In high school, I had a computer programming teacher who described variables as ‘mailboxes’, with values being ‘postcards’. In my four years of college, I don’t think I’ve ever heard that term or comparison again – though, in retrospect, I think the ‘mailbox’ analogy helped my understanding of more advanced variable topics, such as pointers (a postcard with another mailbox’s address) or pass-by-reference (a postcard with instructions to read another postcard at another mailbox). Interestingly enough, as I became a more advanced developer, I forgot about the mailbox analogy, because I didn’t need it anymore to understand what I was doing.
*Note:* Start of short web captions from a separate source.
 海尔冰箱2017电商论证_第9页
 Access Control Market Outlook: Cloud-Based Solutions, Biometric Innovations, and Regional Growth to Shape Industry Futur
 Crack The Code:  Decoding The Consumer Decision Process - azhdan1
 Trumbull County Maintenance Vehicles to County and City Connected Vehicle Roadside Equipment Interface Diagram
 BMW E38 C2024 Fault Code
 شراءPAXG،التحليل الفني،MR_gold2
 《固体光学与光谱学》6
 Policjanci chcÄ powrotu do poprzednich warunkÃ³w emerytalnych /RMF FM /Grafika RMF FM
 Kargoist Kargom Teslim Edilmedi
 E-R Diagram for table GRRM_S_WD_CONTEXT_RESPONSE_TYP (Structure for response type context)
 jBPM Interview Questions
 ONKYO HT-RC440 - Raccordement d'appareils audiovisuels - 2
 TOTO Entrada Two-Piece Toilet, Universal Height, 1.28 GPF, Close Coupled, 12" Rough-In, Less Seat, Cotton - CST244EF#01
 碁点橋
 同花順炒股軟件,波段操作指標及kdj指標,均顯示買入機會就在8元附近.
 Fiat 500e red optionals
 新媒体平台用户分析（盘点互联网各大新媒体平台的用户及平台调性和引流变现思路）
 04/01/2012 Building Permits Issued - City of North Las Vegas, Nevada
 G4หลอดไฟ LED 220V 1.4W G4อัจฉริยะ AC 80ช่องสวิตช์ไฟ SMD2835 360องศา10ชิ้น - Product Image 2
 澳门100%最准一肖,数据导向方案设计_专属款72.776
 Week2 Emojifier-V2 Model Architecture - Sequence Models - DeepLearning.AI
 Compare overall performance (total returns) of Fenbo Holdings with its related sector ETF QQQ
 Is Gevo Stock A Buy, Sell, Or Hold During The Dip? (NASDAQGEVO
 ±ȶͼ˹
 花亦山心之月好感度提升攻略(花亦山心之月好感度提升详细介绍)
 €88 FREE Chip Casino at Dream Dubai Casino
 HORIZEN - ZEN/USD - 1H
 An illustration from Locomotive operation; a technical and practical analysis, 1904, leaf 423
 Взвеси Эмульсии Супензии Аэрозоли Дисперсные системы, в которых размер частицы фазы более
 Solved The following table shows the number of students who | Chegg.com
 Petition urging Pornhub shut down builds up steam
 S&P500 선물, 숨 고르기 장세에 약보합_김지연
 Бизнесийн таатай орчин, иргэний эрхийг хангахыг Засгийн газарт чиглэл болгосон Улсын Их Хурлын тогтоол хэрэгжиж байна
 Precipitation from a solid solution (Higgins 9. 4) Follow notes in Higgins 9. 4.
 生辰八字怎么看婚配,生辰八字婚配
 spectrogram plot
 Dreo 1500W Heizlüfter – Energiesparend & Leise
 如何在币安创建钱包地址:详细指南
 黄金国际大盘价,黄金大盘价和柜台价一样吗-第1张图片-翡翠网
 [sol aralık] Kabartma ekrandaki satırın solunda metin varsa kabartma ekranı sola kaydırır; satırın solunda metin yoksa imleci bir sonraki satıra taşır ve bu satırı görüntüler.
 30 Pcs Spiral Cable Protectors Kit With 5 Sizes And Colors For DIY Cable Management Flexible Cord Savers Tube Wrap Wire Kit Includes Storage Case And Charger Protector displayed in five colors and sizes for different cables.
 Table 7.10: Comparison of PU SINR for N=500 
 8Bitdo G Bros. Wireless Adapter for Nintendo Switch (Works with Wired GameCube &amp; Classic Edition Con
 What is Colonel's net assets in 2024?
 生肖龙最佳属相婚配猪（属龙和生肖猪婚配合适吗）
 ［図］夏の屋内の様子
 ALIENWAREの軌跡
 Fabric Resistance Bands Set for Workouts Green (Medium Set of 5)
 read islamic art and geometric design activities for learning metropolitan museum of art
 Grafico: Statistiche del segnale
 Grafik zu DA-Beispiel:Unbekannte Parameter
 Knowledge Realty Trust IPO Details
Recently, I started working with Ruby Procs. Ruby Procs aren’t explained very well, at least not in any book or website I’ve read, so I’ll do my best to explain what a Proc is. Incidentally, I find that the ‘mailbox’ analogy works pretty well again: a ‘Proc’ is a postcard with a set of instructions that the Postman must obey (or, I’d imagine, suffer some horrible fate). Come again? Maybe I need to rewind a bit and talk in code …

Anyone that has been working with Ruby for a bit is familiar with the concept of ‘yield’ and ‘blocks’. First, the block:

array = [1,2,3]

array.each do { |value| puts 'Doing stuff.' }

The code between the brackets {} is a block. This same code can be written as:

array.each do |value|

puts 'Doing stuff.'

end

A block is a block of code, is a block of code, is a block of code. Nothing too special see here.

But let’s combine the block of code with the yield statement:

def is_polygamous?

if yield >= 1

   true

else

   false

end

my_wives = 5

The block of code:

is_polygamous? { my_wives }

Would thus produce true. Yield effectively takes the block of code after the method call, evaluates the code inside in the context of the calling scope, and executes it. This seems kind of pointless – why would anyone write a method this way, when we could simply have passed the value as a parameter? For starters, the code inside the block is not called until the function reaches the yield statement. Let’s look at another example:

def power_rangers_right

    puts 'Go, go'

    yield

end

def power_rangers_wrong(output_method)

    puts 'Go, go'

    output_method

end

Now let’s call each of the methods, passing puts(‘Power Rangers!’) as a parameter:

power_rangers_right { puts('Power Rangers!')}

output:

Go, go

Power Rangers!

power_rangers_wrong(puts('Power Rangers!'))

 output:

Power Rangers!

Go, go

As you can see, when you pass a parameter into a method, the code is executed before the method is actually called. When we use yield and code blocks, the execution is deferred until the method reaches the yield statement.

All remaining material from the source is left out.